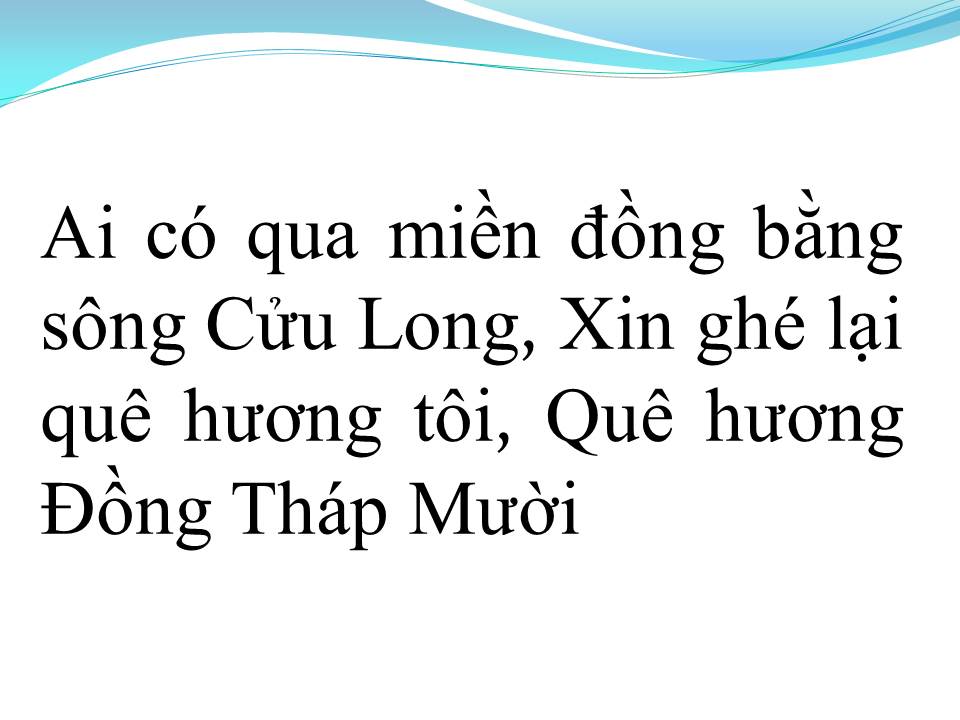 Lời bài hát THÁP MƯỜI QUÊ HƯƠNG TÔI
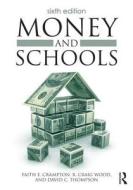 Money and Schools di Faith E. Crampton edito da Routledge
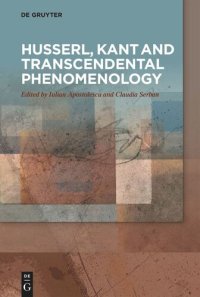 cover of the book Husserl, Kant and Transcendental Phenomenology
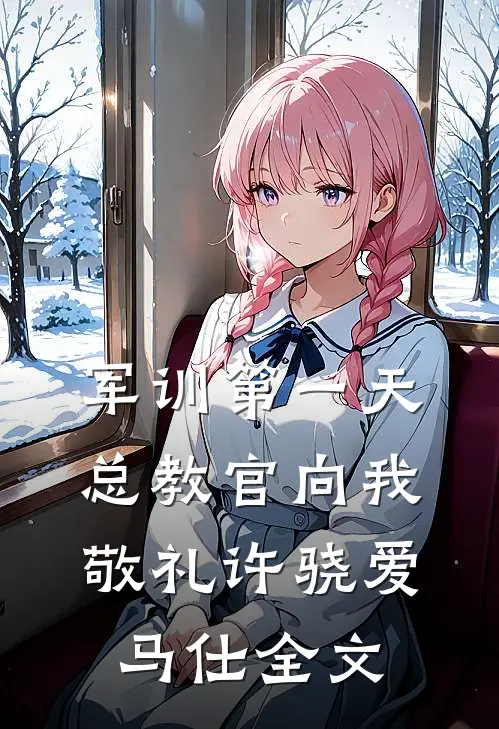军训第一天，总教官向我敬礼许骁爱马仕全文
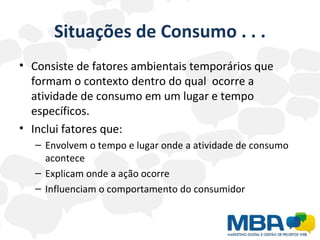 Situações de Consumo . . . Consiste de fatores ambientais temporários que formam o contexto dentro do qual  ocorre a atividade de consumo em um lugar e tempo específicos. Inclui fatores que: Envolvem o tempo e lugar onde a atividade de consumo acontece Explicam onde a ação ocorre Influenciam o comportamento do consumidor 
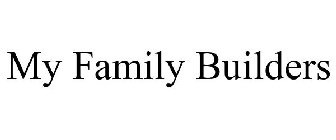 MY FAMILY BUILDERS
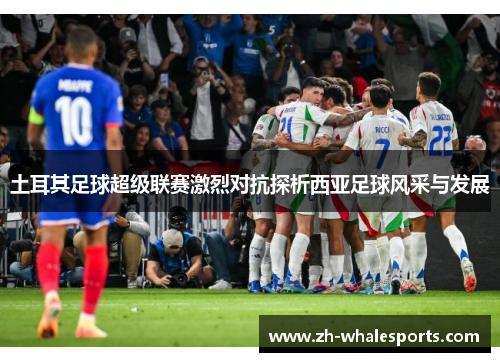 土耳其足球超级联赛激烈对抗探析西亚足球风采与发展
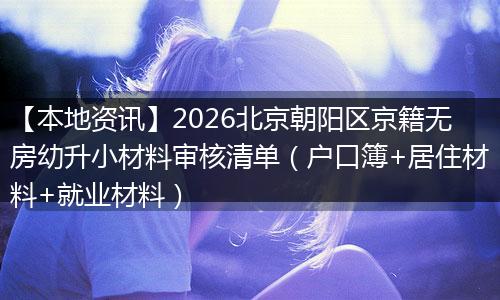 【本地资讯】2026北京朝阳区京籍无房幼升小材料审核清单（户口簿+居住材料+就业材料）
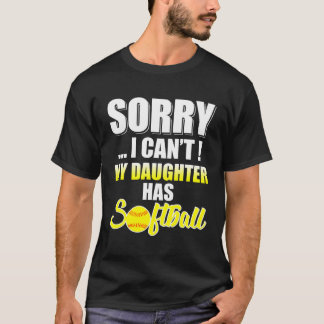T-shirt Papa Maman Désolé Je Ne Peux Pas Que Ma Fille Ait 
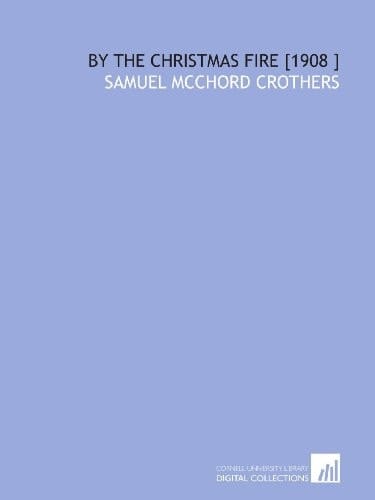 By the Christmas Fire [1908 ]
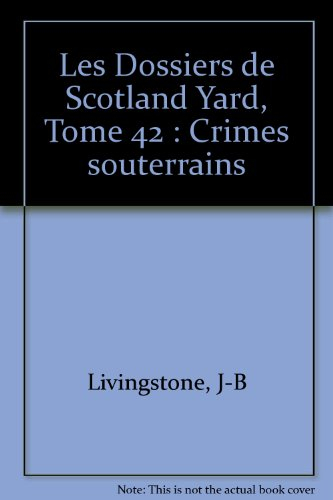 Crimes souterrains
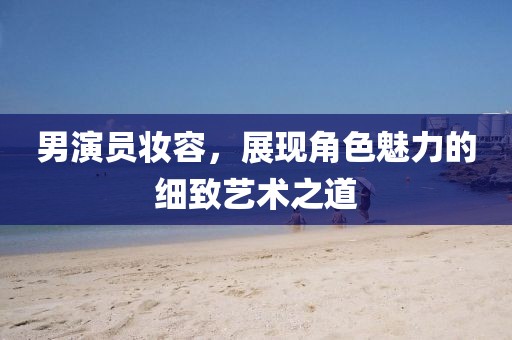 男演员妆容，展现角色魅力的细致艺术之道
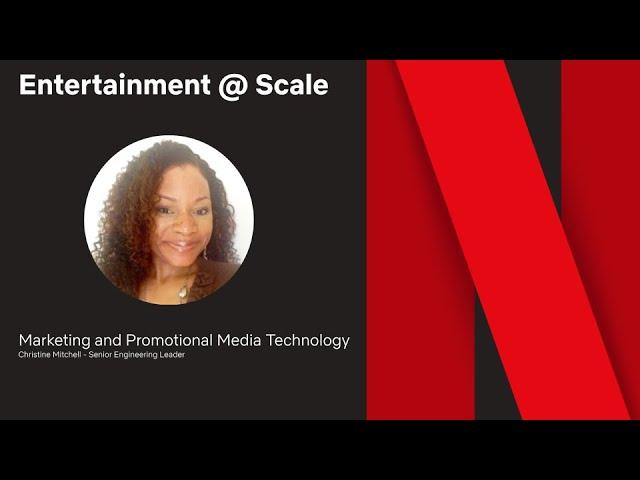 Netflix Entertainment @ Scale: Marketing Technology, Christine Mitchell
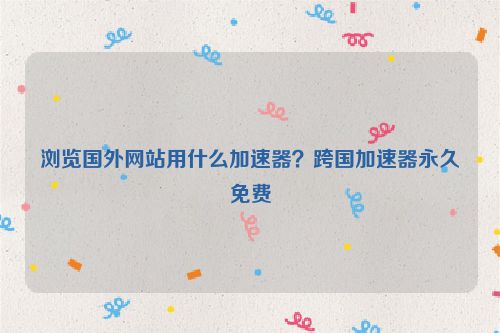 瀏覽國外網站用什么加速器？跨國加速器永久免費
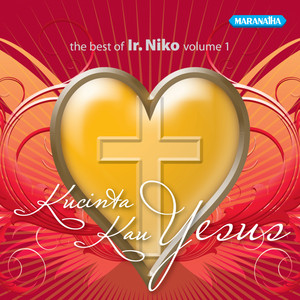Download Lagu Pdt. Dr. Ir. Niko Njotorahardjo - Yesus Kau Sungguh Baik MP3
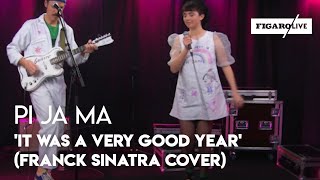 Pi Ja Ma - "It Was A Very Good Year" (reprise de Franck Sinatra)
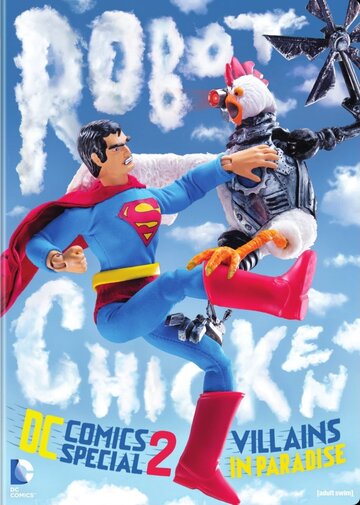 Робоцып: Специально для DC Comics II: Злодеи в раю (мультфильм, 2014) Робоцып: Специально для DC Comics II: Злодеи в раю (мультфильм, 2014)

########################################

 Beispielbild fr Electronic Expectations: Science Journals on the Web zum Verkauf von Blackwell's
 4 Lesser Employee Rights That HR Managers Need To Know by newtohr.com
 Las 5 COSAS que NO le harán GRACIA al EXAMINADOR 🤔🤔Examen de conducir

########################################

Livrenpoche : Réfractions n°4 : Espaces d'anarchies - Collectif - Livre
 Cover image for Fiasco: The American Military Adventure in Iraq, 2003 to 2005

########################################

Return exactly the part of the listing above that opens with the line containing "Netflix Entertainment @" and closes with the line containing "2014) Робоцып: Специально". Pictures stay out.

 Netflix Entertainment @ Scale: Marketing Technology, Christine Mitchell
 瀏覽國外網站用什么加速器？跨國加速器永久免費
Download Lagu Pdt. Dr. Ir. Niko Njotorahardjo - Yesus Kau Sungguh Baik MP3
 Pi Ja Ma - "It Was A Very Good Year" (reprise de Franck Sinatra)
 Робоцып: Специально для DC Comics II: Злодеи в раю (мультфильм, 2014) Робоцып: Специально для DC Comics II: Злодеи в раю (мультфильм, 2014)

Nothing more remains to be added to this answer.